From 05a700d370a21e07d4c0fb7978debb3a490751a3 Mon Sep 17 00:00:00 2001
From: sdmyzlp <117554856+sdmyzlp@users.noreply.github.com>
Date: Fri, 19 Sep 2025 14:05:36 +0800
Subject: [PATCH] [Bugfix] Fix async copy bug under single expert scenario
 (#3005)

Add missing barrier when no implicit synchonize by `repeat_interleave`
is available. Otherwise, the `non_blocking=True` copy of `output_splits`
and `input_splits` from NPU may failed to complete before later
`async_all_to_all` uses them.

### What this PR does / why we need it?

### Does this PR introduce _any_ user-facing change?

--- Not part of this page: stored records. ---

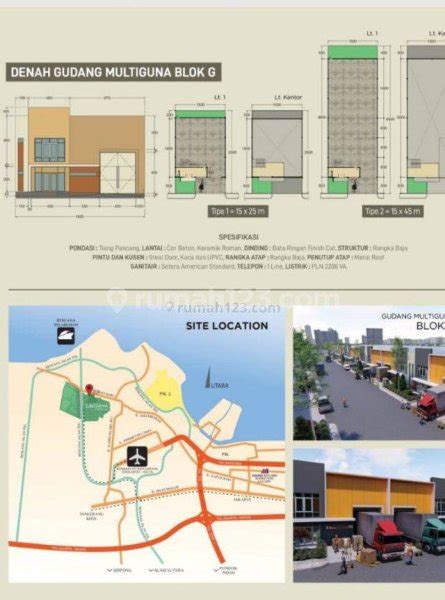 Harga Murah Gudang Laksana Business Park Teluk Naga Paku Haji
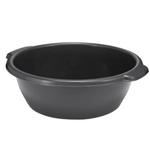 Таз овальный 17,5л (темно-серый)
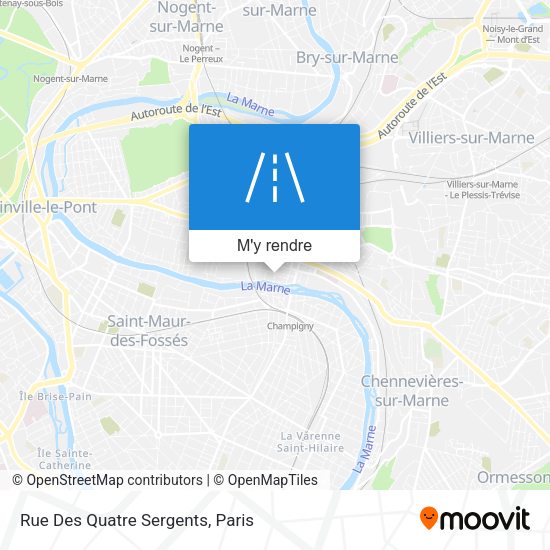 Rue Des Quatre Sergents plan
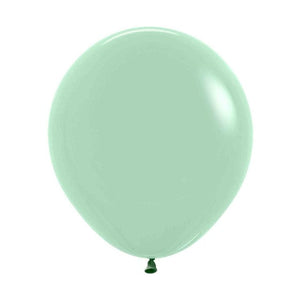 Balloon - Plain Latex Pastel Dusk Green Tea Latex Balloons 45cm 6pk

### How was this patch tested?

- vLLM version: v0.10.2
- vLLM main:
https://github.com/vllm-project/vllm/commit/ef7eefe17a7dc212ddb8a8aabd7760218a10e25e

Signed-off-by: sdmyzlp <lrwei2@petalmail.com>
---
 vllm_ascend/ops/moe/token_dispatcher.py | 4 ++++
 1 file changed, 4 insertions(+)

diff --git a/vllm_ascend/ops/moe/token_dispatcher.py b/vllm_ascend/ops/moe/token_dispatcher.py
index c1a16d0..c57cc1c 100644
--- a/vllm_ascend/ops/moe/token_dispatcher.py
+++ b/vllm_ascend/ops/moe/token_dispatcher.py
@@ -639,6 +639,10 @@ class TokenDispatcherWithAll2AllV(MoETokenDispatcher):
             self.global_input_tokens_local_experts_indices = torch.repeat_interleave(
                 self.expert_ids_per_ep_rank,
                 self.num_global_tokens_per_local_expert.ravel())
+        else:
+            # TODO: This full synchronization can be a performance bottleneck.
+            # A more granular sync (e.g., blocking D2H copies) should be investigated.
+            torch.npu.synchronize()
 
         return num_tokens_per_local_expert